Whenever any of these multibillion-dollar Panic-related handouts is stopped, Armageddon is always predicted. Remember the end of the eviction moratorium last summer? The “advocates” predicted mass homelessness. Nothing happened.

Are you old enough to recall when the media used to cover real news? They had, you know, beats — City Hall, the State House, police, etc.

Now the only beat that matters is the Apocalypse Beat. Omicron! Delta! Global warming! Global cooling! Tornadoes! Evictions! Student loans! The same low-IQ “reporters” careen from one faux catastrophe to the next, citing “experts” who dolefully predict doom that never occurs.

The great thing about the Apocalypse Beat is that it’s so easy. No shoe leather is expended. Fact-checking is unnecessary because every story is 100 percent fact-free. When nothing happens, after all the doomsday headlines, no one demands a correction.

As usual on the Apocalypse Beat, the advocates are already being deployed. Have you ever heard of the Student Debt Crisis Center? How about Student Borrowers Protection Center, which self-identifies as “a student loan advocacy non-profit.”

If the deadbeat hippies default, the experts at the nonprofits shudder, “they could be subject to wage garnishment.”

You mean, like if you don’t pay alimony or child support? Not that this is a major concern for most of the affected parties — you have to have a job before you can start worrying about getting your wages garnished.

Consider who’s going to be whining about having to repay their student loans — a lot of them got to stiff their landlords for more than a year. Until Labor Day, they were grabbing not only unemployment but an extra $300 a week in welfare from the feds.

The food stamp dole was just raised 21% across the board.
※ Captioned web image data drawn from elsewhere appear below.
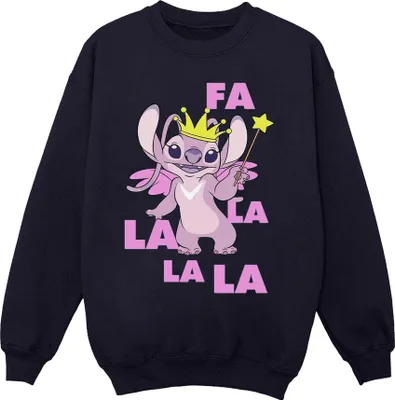 Produktbild von Disney - "Angel Fa La La" Sweatshirt für Damen BI23076 (M) (Marineblau)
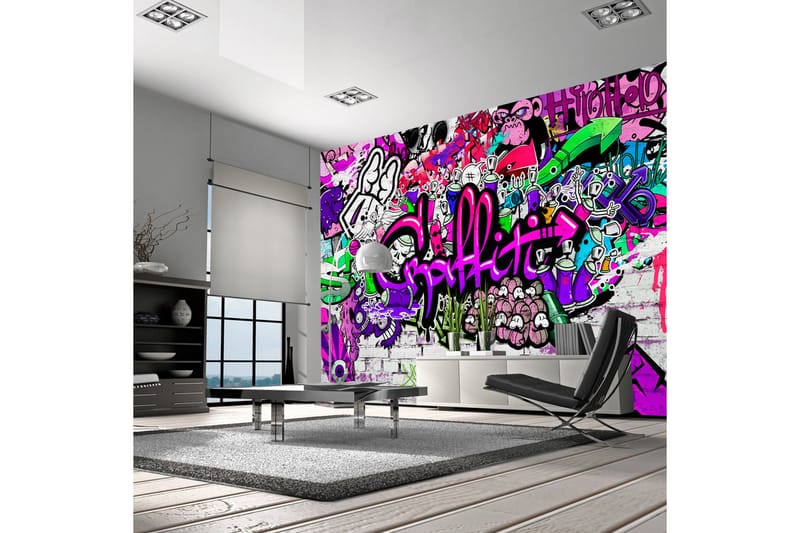 Fototapet Purple Graffiti 300x210 - Artgeist sp. z o. o. - Inredning - Tapet - Fototapet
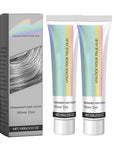 2-in-1 Natural Essence Extract Silver Hair Dye, Caremey No Bleaching SilverGrey & Smoke Grey Hair (2pcs)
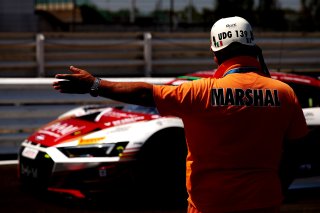 A marshal at Misano World Circuit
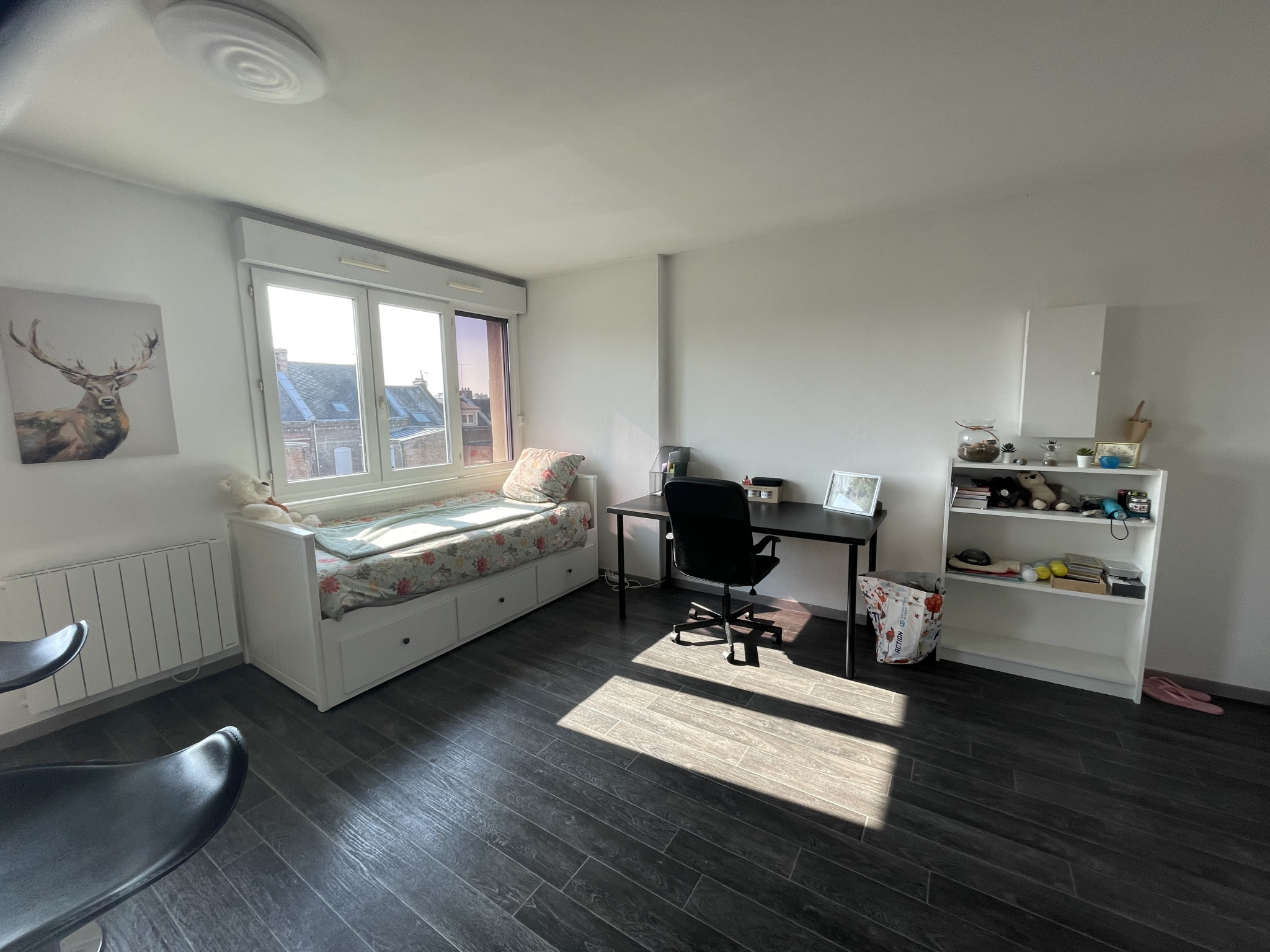 Immo80 – L'immobilier à Amiens et dans la Somme-AMIENS ST PIERRE  – proche Citadelle : BEAU STUDIO dans résidence sécurisée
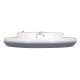 GLOBOSTAR® MELINA 61042 Μοντέρνο Φωτιστικό Οροφής LED 55W 6376lm 120° AC 220-240V IP20 Ρυθμιζόμενο Λευκό CCT με Χειριστήριο από 2700K έως 6000K Dimmable - Lumileds SMD Chip - Γκρι - Μ48 x Π48 x Υ9cm - 3 Χρόνια Εγγύηση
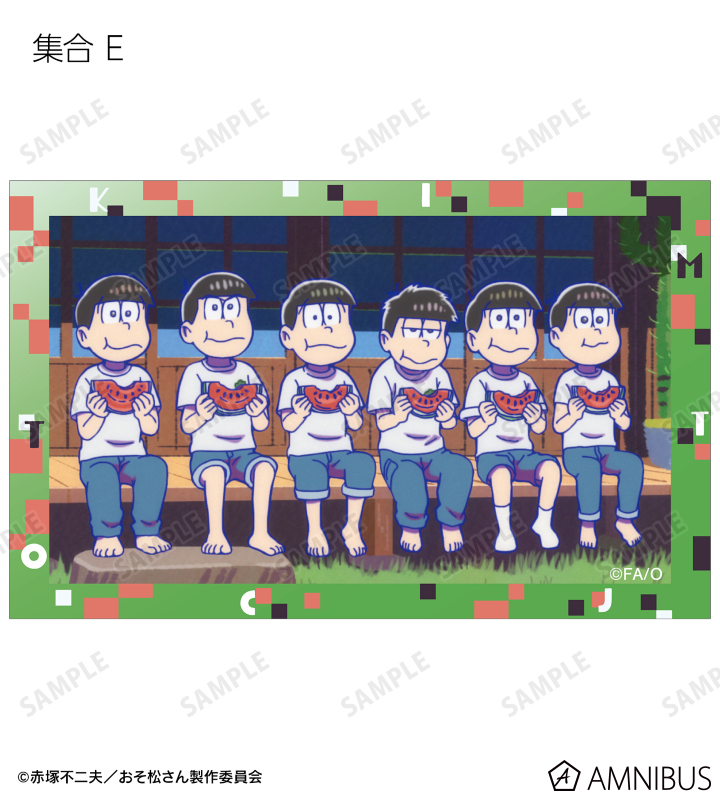 トレーディング場面写イラストカード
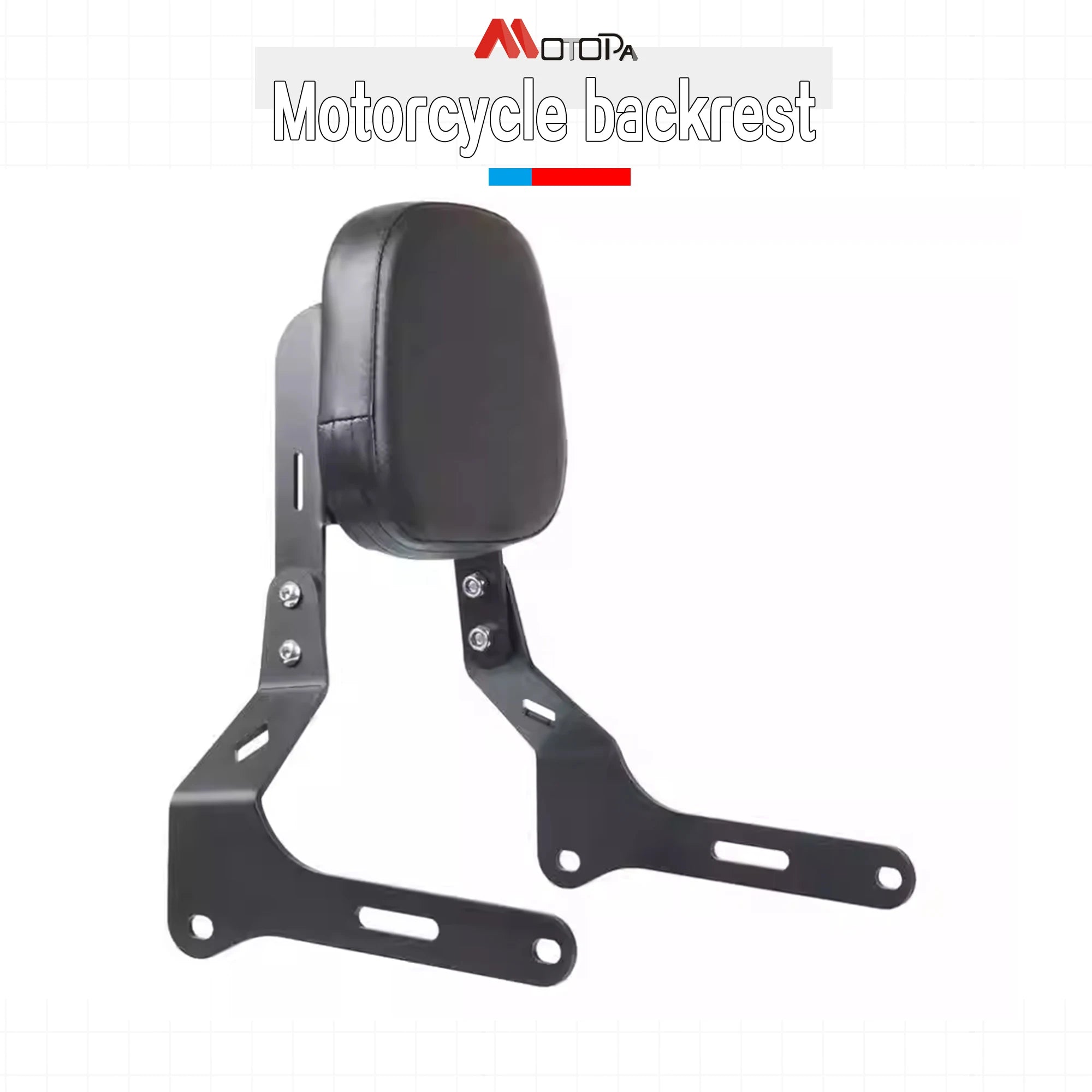 For Kawasaki Eliminator 500 2024 2025 Motorcycle Eliminator 500 Rear Passenger Detachables Backrest Sissy Bar With Cushion Pad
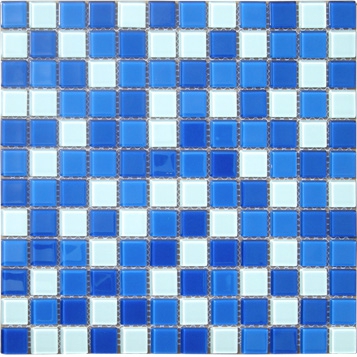 Мозаика 327*327 (CB021) бело-синий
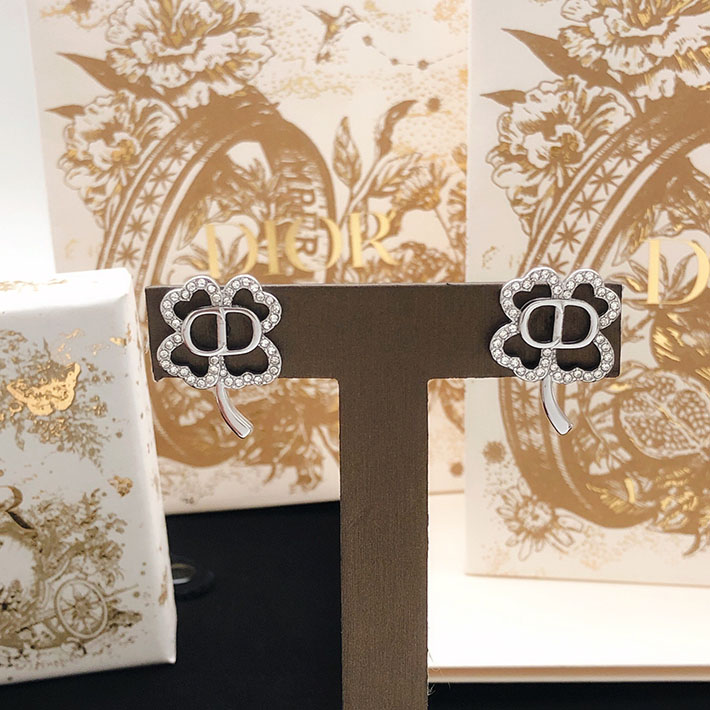 ディオール アウトレット店舗 ディオールコピー Dior CD Shiny Clover ピアス 2701147 ディオール ピアス シルバー - 画像 (2)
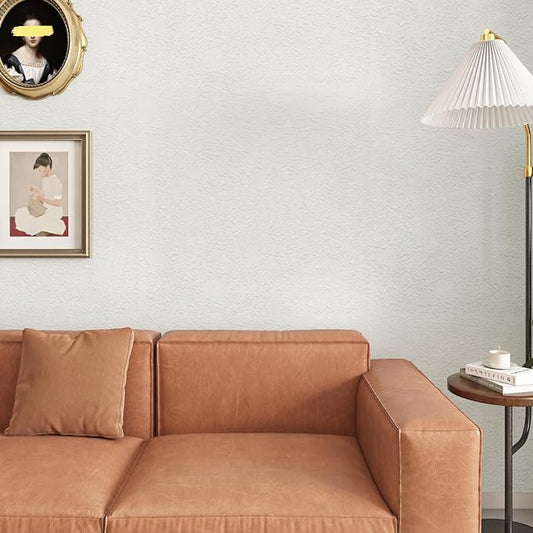 Livelynine White Textured Wallpaper Stick and Peel Modern 15.8x394 Self - Image 2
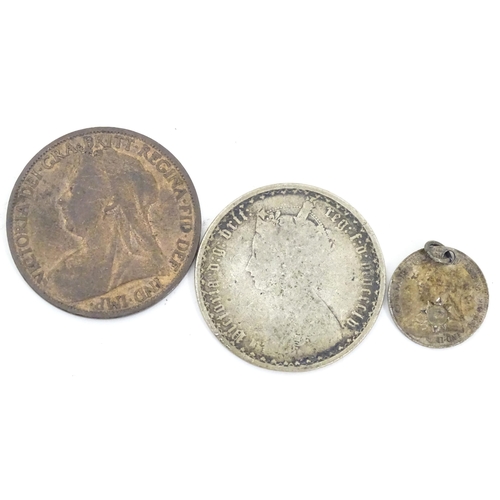 786 - Coins: A large quantity of 19th and 20thC coins, tokens to include a Victoria gothic florin, a Georg... 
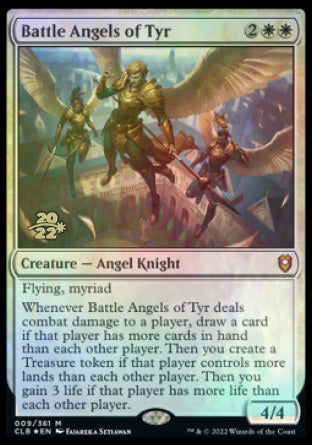 Battle Angels of Tyr [Commander Legends: Battle for Baldur's Gate Prerelease Promos] | Eastridge Sports Cards & Games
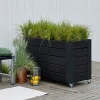 Plus BLOMSTERKASSE SORT 70 X 50 X 120 CM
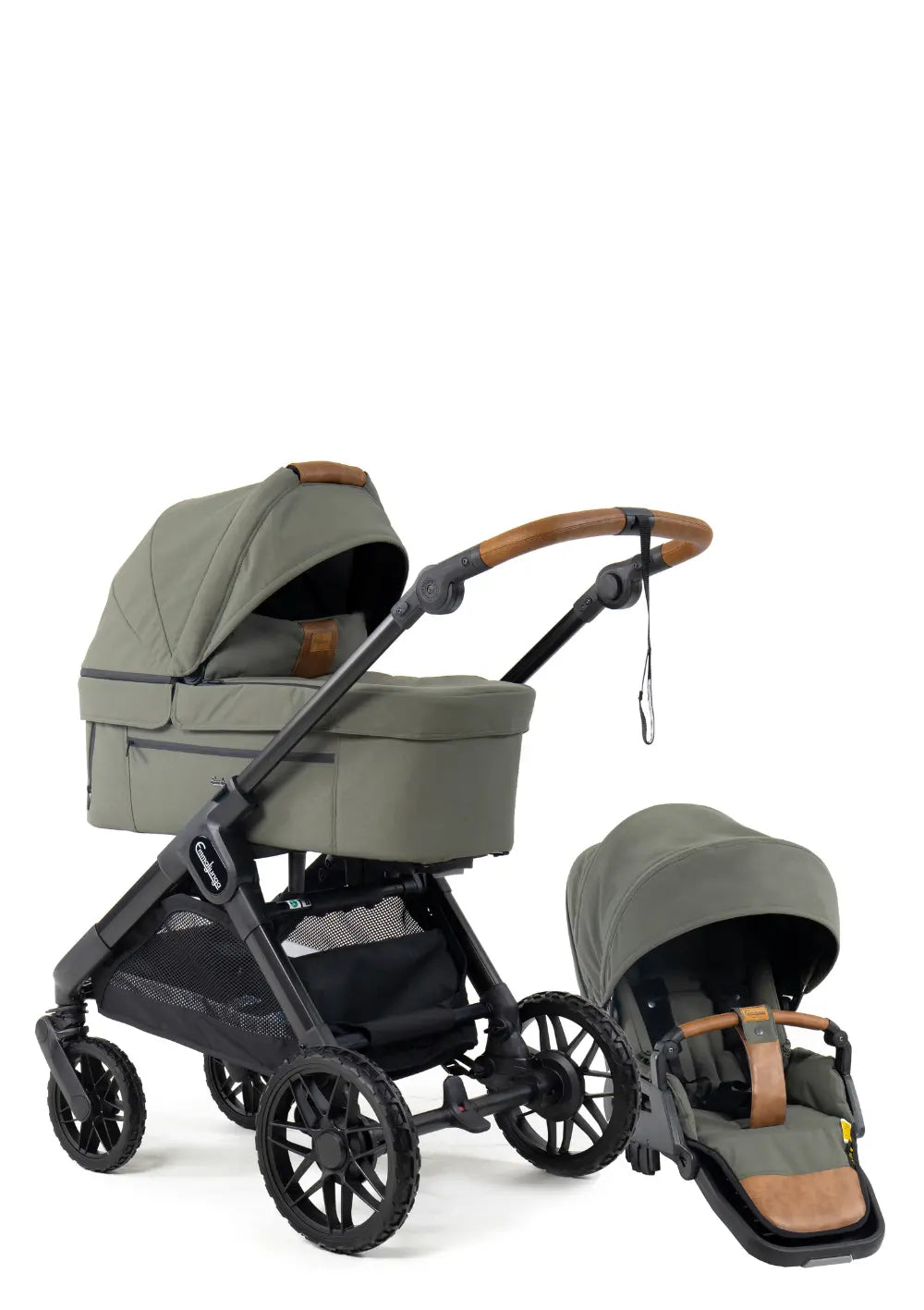 Emmaljunga Kinderwagen-Set 'SENTO MAX FLAT+' Outdoor Green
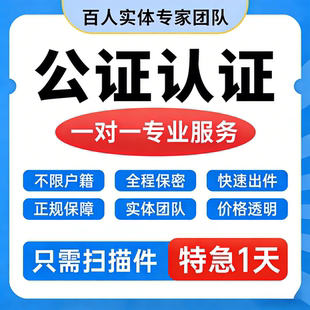 海牙公证翻译驾照学历出生亲属关系无犯罪成绩委托户口本单身结婚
If they have kids, the non-working classes are grabbing another $300 a month in welfare per child.

But making token payments on their student loans will destroy their lives.

One of the subjects they used to require in some high schools in Massachusetts was Latin. I can’t read Cicero in the original, but I still recall certain phrases, one of which is:

“Caveat emptor.” Let the buyer beware.

I don’t know how much Chasten Buttigieg owes, but he graduated from the University of Wisconsin-Eau Claire, with a double major in global studies and theater.

Then he picked up a master’s in education from DePaul University. And as if that weren’t enough, according to his Wikipedia bio, he was a “Fellow” at Harvard’s Institute of Politics — Camelot High, where Sonny McDonough said people went to learn how to lose elections.

Given the demographic profile of most of these student-loan goldbricks, you’d assume that Dementia Joe’s caregivers would be all in on keeping this scam going. So it must poll very badly — among everyone who either didn’t go to college, or paid their own way or their kids’, or who actually didn’t major in … global studies and theater.

When taxpayers hear these grifters whining that we should pick up the tab for their phony-baloney degrees, after saying “Caveat emptor,” we ask ourselves the obvious questions:

If you get your college loans paid off, can I not pay back some of the money I owe? My mortgage perhaps? My credit card bills, or truck payment? My real-estate taxes? My winter vacation? And if I did pay my own way through school, am I now eligible for … reparations?

As a texter on my radio show said, “My car needs an oil change. Will you pay for it?”

One old timer mentioned that he was coming up on his 72nd birthday. He has a 401(k) retirement account, and so will be required to begin making withdrawals. It’s a federal mandate, not because the feds care about your golden years, but because they want their cut – in the income taxes you’ll owe on the disbursement.

Remember, unlike student loans, nothing in your 401(k) is borrowed money. You put everything in. But the feds will grab your money because … you turned 72.

“I don’t want to pay those taxes,” my caller said. “If these people don’t have to pay back money that’s not even theirs, why should I have to pay taxes on my own money?”

That’s a question nobody ever asked Chasten Buttigieg at Camelot High.